2. The department has amended the above-stated rules as proposed.
The department has adopted the above-stated rule as proposed: New Rule I (18.6.238).
3. The department has thoroughly considered the comments received. A summary of the comments received and the department's responses are as follows:
COMMENT NO. 1: One comment was received stating new rules or amended rules regarding community welcome to signs should comply with local land use controls and applicable permits. The comment suggested amending New Rule I to include language stating outdoor advertising permits shall be not issued until the applicant has provided proof of compliance with local jurisdiction's permits and regulations, including building, zoning, land use, electrical, floodplain and signage. The comment stated there should be coordination between the county and MDT permitting processes to avoid potential conflict points.
RESPONSE: MDT notes that all outdoor advertising permit applicants are already required to comply with all federal, state, county, and local statutes, rules, and ordinances on outdoor advertising under ARM 18.6.205(7). In addition, ARM 18.6.205(6) already states that MDT rules do not supersede the rights and powers of the counties and cities to enact outdoor advertising ordinances, if the ordinances do not conflict with or set lower standards than MDT's rules. In addition, MDT's outdoor advertising permit process already requires a county planning official to sign-off on the application, thus ensuring MDT's permitting process will coordinate with the local county regulations, and allow the county to enforce its own regulations.

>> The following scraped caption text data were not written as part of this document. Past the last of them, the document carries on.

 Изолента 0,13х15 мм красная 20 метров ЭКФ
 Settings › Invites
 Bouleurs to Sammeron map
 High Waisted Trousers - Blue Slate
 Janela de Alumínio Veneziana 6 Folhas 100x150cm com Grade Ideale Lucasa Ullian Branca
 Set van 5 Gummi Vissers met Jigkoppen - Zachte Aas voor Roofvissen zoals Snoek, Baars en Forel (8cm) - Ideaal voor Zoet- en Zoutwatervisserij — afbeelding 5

Welcome to sign applications will follow this same process, which already ensures coordination between the county and MDT in issuance of outdoor advertising permits; thus, no change to the proposed New Rule I language is necessary.
COMMENT NO. 2: One comment was received stating New Rule I (1) does not define "qualifying communities" except to state that tourist areas do not qualify. The comment stated this is potentially "dangerous and vague language" which is of concern to resort area communities which were formed primarily because of tourism impacts and improvements. The comment stated that existing resort area communities and unincorporated communities may not qualify for a welcome to sign, or may be "at risk" if they attempt to modify their existing welcome to signs. The comment suggested the rules should clearly include resort area communities and unincorporated communities.

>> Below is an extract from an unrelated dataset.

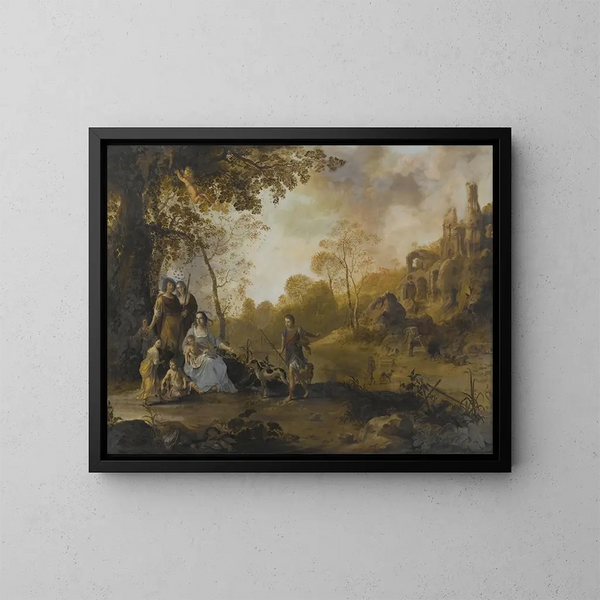 Ein allegorisches Familienporträt in einer Landschaft - Dirck van der Lisse — gerahmtes Bild an der Wand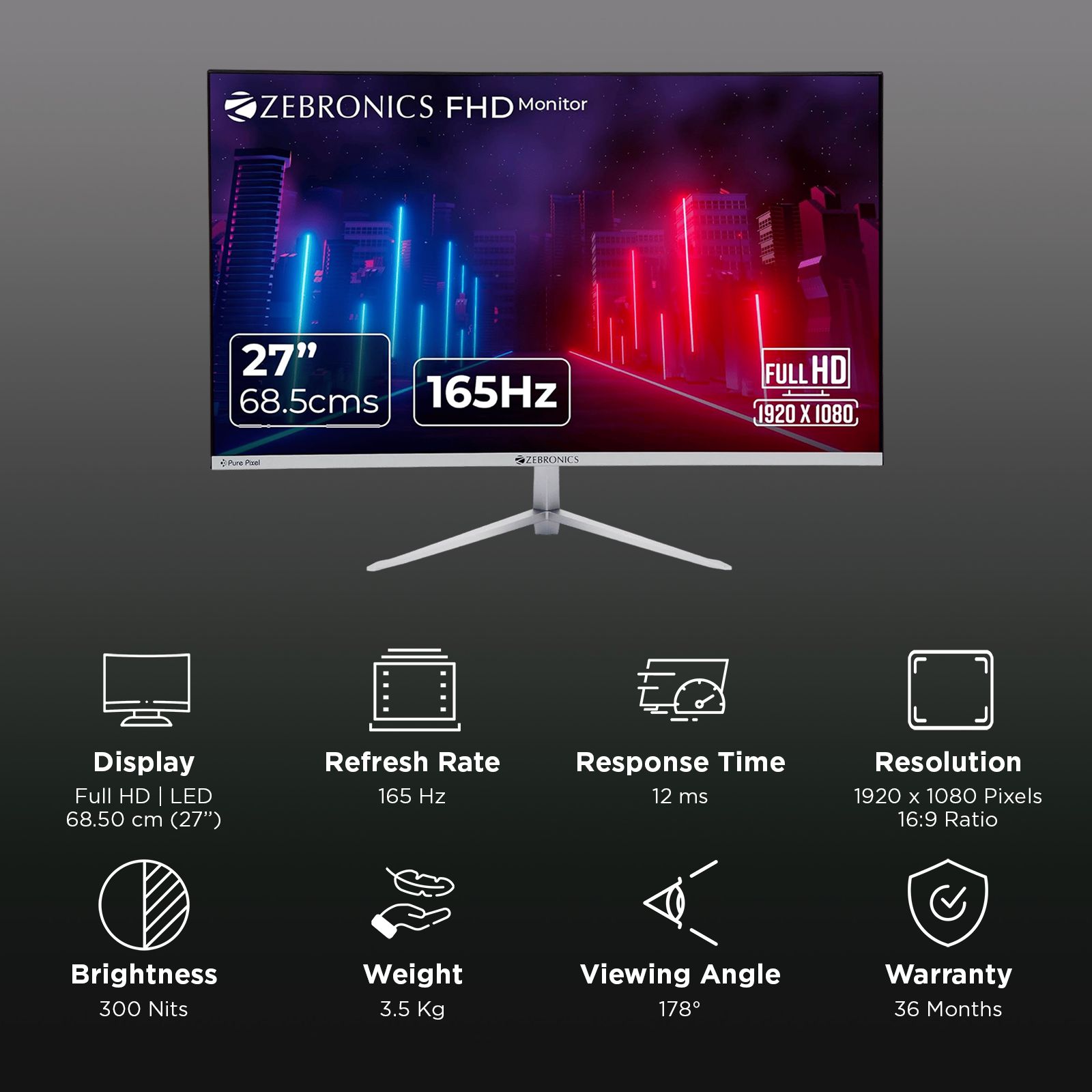 ZEBRONICS ‎ZEB-A27FHD 68.5 cm (27 inch) Full HD LED Ultra Slim Gaming Monitor with Built-in Speaker_2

RESPONSE: MDT specifically drafted New Rule I to avoid limiting the qualifying communities to "incorporated" or "unincorporated." New Rule I states that any "community, county or sovereign nation may erect welcome to signs"; thus, there is no intent or limiting language which would prohibit a resort area community from qualifying for a welcome to sign on the basis of incorporation status alone. New Rule I only specifically prohibits states and tourist area regions from qualifications. New Rule I(13) would only require a "grandfathered" welcome to sign to meet the rule requirements in the event of upgrades or structural modifications beyond routine maintenance. New Rule I does not appear to pose a "risk" to a resort area community for loss of qualification for a welcome to sign, or for prevention of upgrades or structural modifications if New Rule I standards are met.
/s/ Carol Grell Morris /s/ Kevin Howlett
Carol Grell Morris Kevin Howlett
Rule Reviewer Chair
Certified to the Secretary of State January 21, 2014.